(Saved data entries)
------------------------------------------------

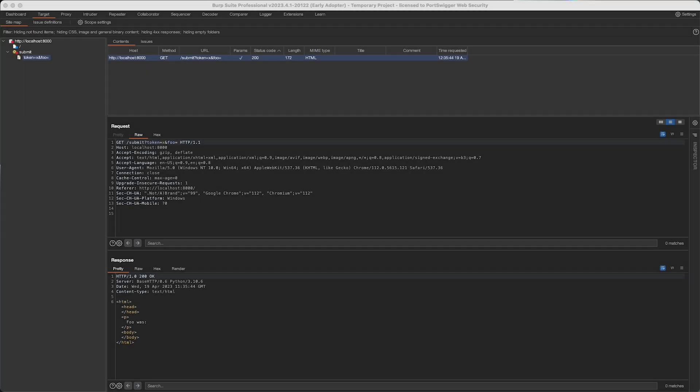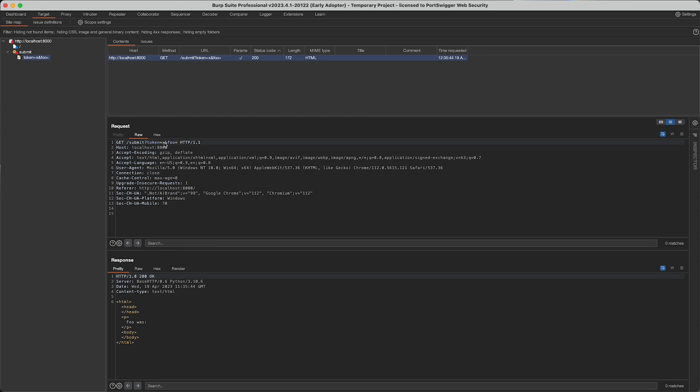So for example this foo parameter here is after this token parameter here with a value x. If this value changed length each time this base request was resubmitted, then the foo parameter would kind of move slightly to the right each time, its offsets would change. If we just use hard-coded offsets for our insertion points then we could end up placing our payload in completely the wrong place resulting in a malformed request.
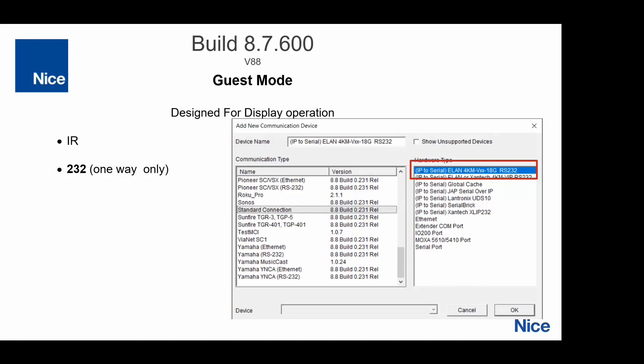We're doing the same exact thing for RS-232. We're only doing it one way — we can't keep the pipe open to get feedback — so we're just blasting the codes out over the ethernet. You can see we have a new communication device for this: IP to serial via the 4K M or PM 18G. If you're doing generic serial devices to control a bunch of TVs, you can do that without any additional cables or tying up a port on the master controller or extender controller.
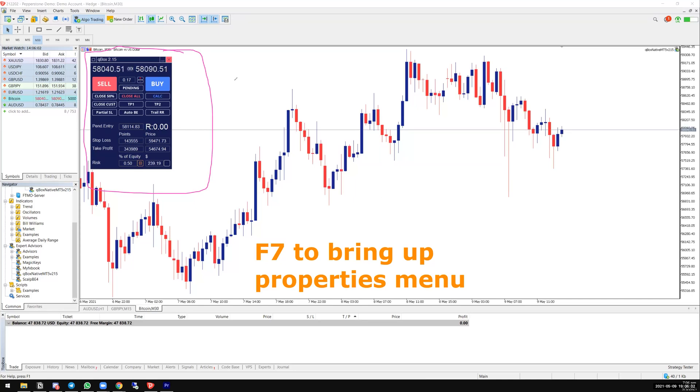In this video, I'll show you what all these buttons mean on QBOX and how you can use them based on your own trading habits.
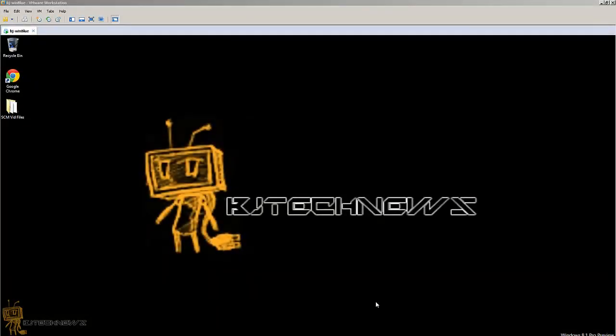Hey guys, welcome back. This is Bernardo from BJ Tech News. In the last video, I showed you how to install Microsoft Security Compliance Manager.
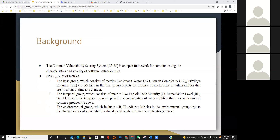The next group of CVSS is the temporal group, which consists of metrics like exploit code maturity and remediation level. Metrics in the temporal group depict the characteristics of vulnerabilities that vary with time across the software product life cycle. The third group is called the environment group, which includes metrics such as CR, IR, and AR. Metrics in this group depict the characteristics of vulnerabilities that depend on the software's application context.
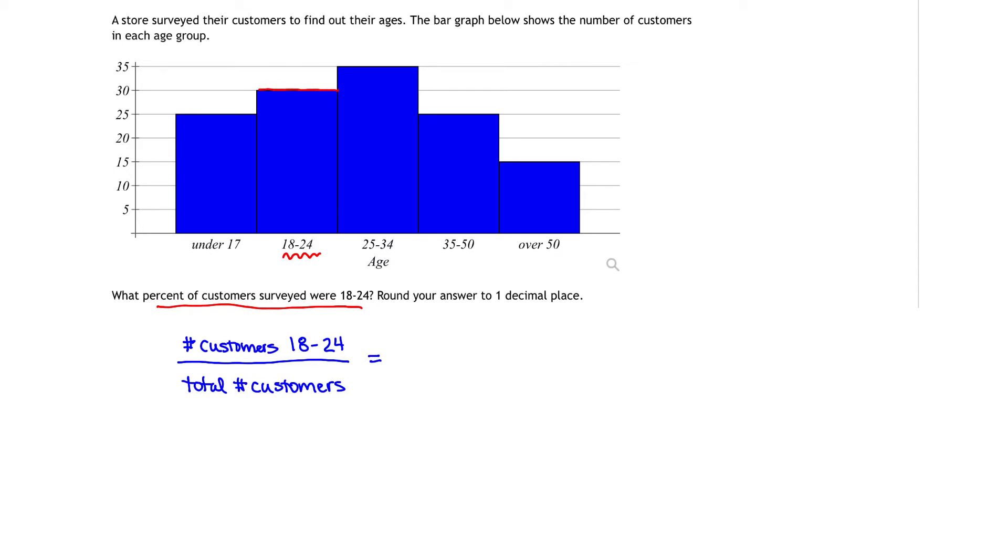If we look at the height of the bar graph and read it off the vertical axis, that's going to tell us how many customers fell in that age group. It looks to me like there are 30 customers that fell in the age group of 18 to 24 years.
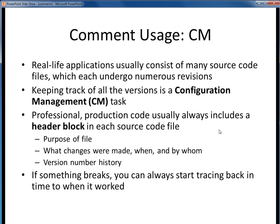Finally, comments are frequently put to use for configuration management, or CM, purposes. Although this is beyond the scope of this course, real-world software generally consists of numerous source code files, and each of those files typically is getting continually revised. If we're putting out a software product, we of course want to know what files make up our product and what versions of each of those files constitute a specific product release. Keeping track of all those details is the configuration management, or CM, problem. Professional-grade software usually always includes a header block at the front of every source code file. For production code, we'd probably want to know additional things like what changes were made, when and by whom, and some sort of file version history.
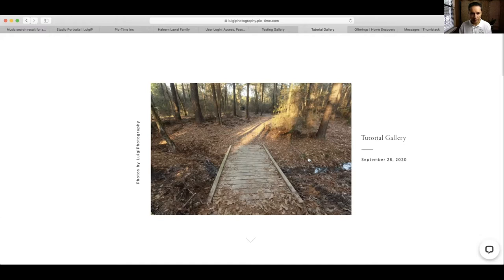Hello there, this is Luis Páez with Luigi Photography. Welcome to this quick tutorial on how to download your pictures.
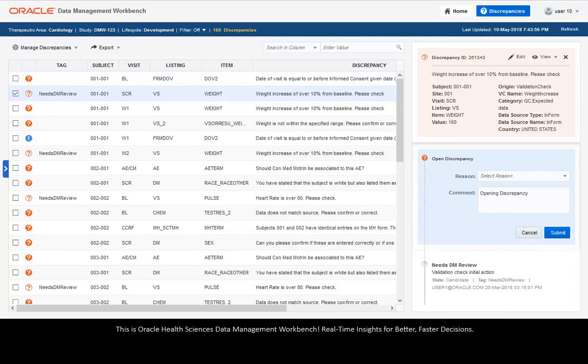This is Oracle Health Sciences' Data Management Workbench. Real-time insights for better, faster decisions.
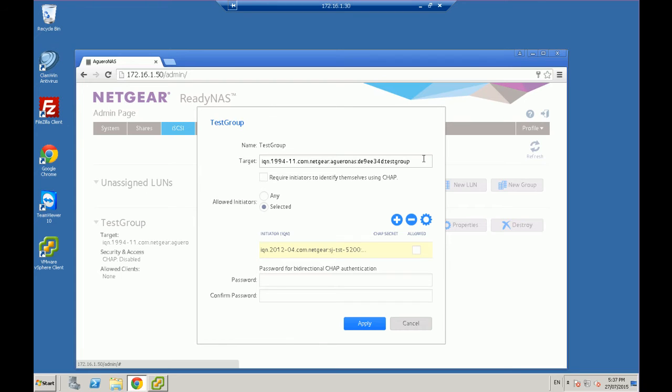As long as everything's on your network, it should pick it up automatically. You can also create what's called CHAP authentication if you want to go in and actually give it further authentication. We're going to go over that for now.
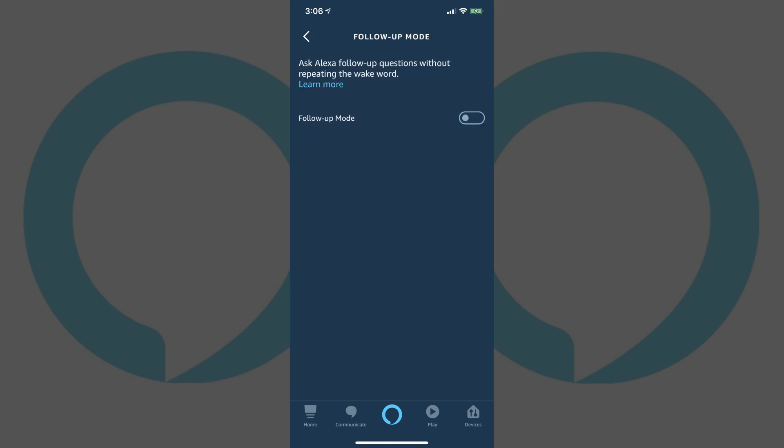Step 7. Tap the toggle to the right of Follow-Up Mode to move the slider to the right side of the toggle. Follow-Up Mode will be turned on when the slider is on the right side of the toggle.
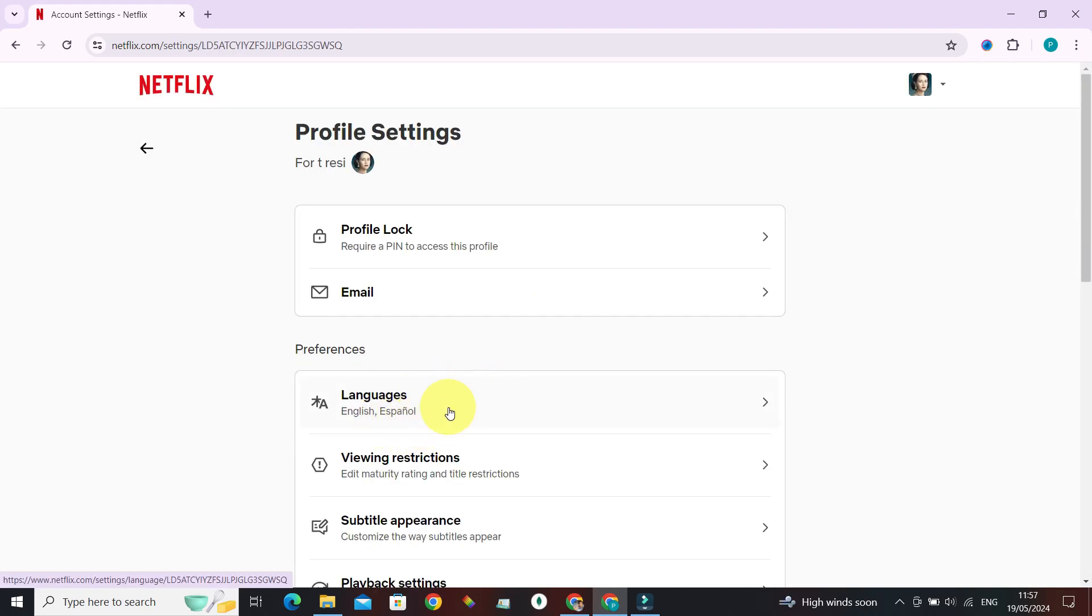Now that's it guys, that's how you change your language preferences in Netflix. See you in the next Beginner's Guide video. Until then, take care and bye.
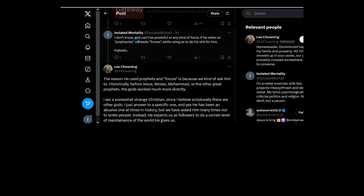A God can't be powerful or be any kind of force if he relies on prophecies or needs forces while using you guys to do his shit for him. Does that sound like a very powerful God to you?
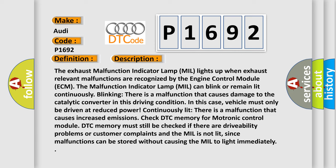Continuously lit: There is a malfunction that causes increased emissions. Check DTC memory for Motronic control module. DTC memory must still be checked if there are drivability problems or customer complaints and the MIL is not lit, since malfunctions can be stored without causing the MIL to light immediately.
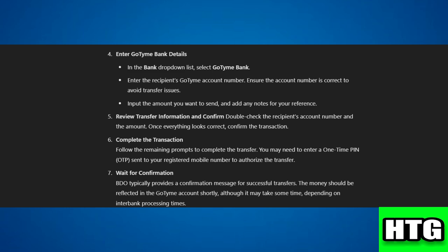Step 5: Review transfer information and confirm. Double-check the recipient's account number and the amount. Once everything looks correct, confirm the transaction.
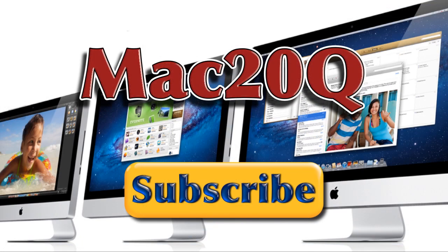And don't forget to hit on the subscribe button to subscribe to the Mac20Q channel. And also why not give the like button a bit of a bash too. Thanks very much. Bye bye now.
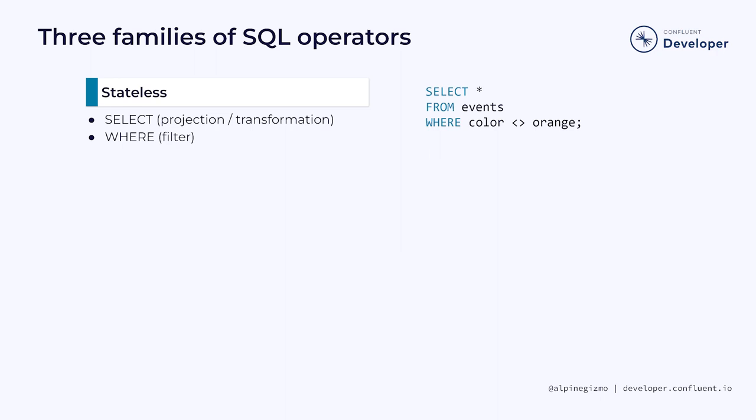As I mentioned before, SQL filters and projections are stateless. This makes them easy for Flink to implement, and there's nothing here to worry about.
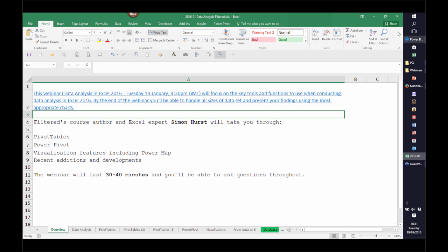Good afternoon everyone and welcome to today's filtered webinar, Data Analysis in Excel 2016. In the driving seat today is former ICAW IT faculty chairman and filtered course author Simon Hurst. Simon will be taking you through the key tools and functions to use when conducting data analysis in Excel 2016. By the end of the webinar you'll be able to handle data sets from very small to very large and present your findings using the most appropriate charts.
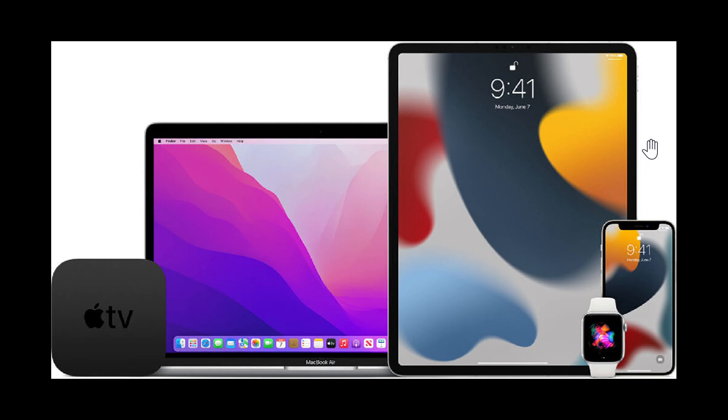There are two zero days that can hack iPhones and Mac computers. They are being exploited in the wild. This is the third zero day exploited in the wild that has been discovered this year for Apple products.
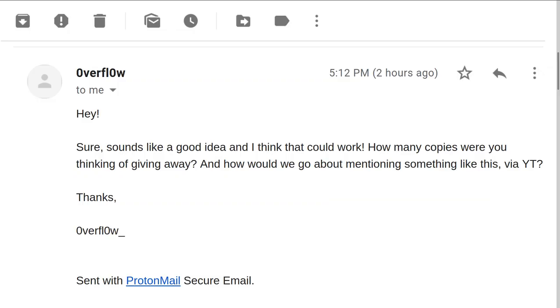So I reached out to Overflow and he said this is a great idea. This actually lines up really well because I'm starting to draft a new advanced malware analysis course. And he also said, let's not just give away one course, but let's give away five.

------------------------------------------------

- _Task item_
Set down every entry above exactly as written. Leave out all pictures.

- _Response below_
So for example this foo parameter here is after this token parameter here with a value x. If this value changed length each time this base request was resubmitted, then the foo parameter would kind of move slightly to the right each time, its offsets would change. If we just use hard-coded offsets for our insertion points then we could end up placing our payload in completely the wrong place resulting in a malformed request.
We're doing the same exact thing for RS-232. We're only doing it one way — we can't keep the pipe open to get feedback — so we're just blasting the codes out over the ethernet. You can see we have a new communication device for this: IP to serial via the 4K M or PM 18G. If you're doing generic serial devices to control a bunch of TVs, you can do that without any additional cables or tying up a port on the master controller or extender controller.
In this video, I'll show you what all these buttons mean on QBOX and how you can use them based on your own trading habits.
Hey guys, welcome back. This is Bernardo from BJ Tech News. In the last video, I showed you how to install Microsoft Security Compliance Manager.
The next group of CVSS is the temporal group, which consists of metrics like exploit code maturity and remediation level. Metrics in the temporal group depict the characteristics of vulnerabilities that vary with time across the software product life cycle. The third group is called the environment group, which includes metrics such as CR, IR, and AR. Metrics in this group depict the characteristics of vulnerabilities that depend on the software's application context.
If we look at the height of the bar graph and read it off the vertical axis, that's going to tell us how many customers fell in that age group. It looks to me like there are 30 customers that fell in the age group of 18 to 24 years.
Finally, comments are frequently put to use for configuration management, or CM, purposes. Although this is beyond the scope of this course, real-world software generally consists of numerous source code files, and each of those files typically is getting continually revised. If we're putting out a software product, we of course want to know what files make up our product and what versions of each of those files constitute a specific product release. Keeping track of all those details is the configuration management, or CM, problem. Professional-grade software usually always includes a header block at the front of every source code file. For production code, we'd probably want to know additional things like what changes were made, when and by whom, and some sort of file version history.
Hello there, this is Luis Páez with Luigi Photography. Welcome to this quick tutorial on how to download your pictures.
This is Oracle Health Sciences' Data Management Workbench. Real-time insights for better, faster decisions.
As long as everything's on your network, it should pick it up automatically. You can also create what's called CHAP authentication if you want to go in and actually give it further authentication. We're going to go over that for now.
Step 7. Tap the toggle to the right of Follow-Up Mode to move the slider to the right side of the toggle. Follow-Up Mode will be turned on when the slider is on the right side of the toggle.
Now that's it guys, that's how you change your language preferences in Netflix. See you in the next Beginner's Guide video. Until then, take care and bye.
A God can't be powerful or be any kind of force if he relies on prophecies or needs forces while using you guys to do his shit for him. Does that sound like a very powerful God to you?
Continuously lit: There is a malfunction that causes increased emissions. Check DTC memory for Motronic control module. DTC memory must still be checked if there are drivability problems or customer complaints and the MIL is not lit, since malfunctions can be stored without causing the MIL to light immediately.
Step 5: Review transfer information and confirm. Double-check the recipient's account number and the amount. Once everything looks correct, confirm the transaction.
And don't forget to hit on the subscribe button to subscribe to the Mac20Q channel. And also why not give the like button a bit of a bash too. Thanks very much. Bye bye now.
As I mentioned before, SQL filters and projections are stateless. This makes them easy for Flink to implement, and there's nothing here to worry about.
Good afternoon everyone and welcome to today's filtered webinar, Data Analysis in Excel 2016. In the driving seat today is former ICAW IT faculty chairman and filtered course author Simon Hurst. Simon will be taking you through the key tools and functions to use when conducting data analysis in Excel 2016. By the end of the webinar you'll be able to handle data sets from very small to very large and present your findings using the most appropriate charts.
There are two zero days that can hack iPhones and Mac computers. They are being exploited in the wild. This is the third zero day exploited in the wild that has been discovered this year for Apple products.
So I reached out to Overflow and he said this is a great idea. This actually lines up really well because I'm starting to draft a new advanced malware analysis course. And he also said, let's not just give away one course, but let's give away five.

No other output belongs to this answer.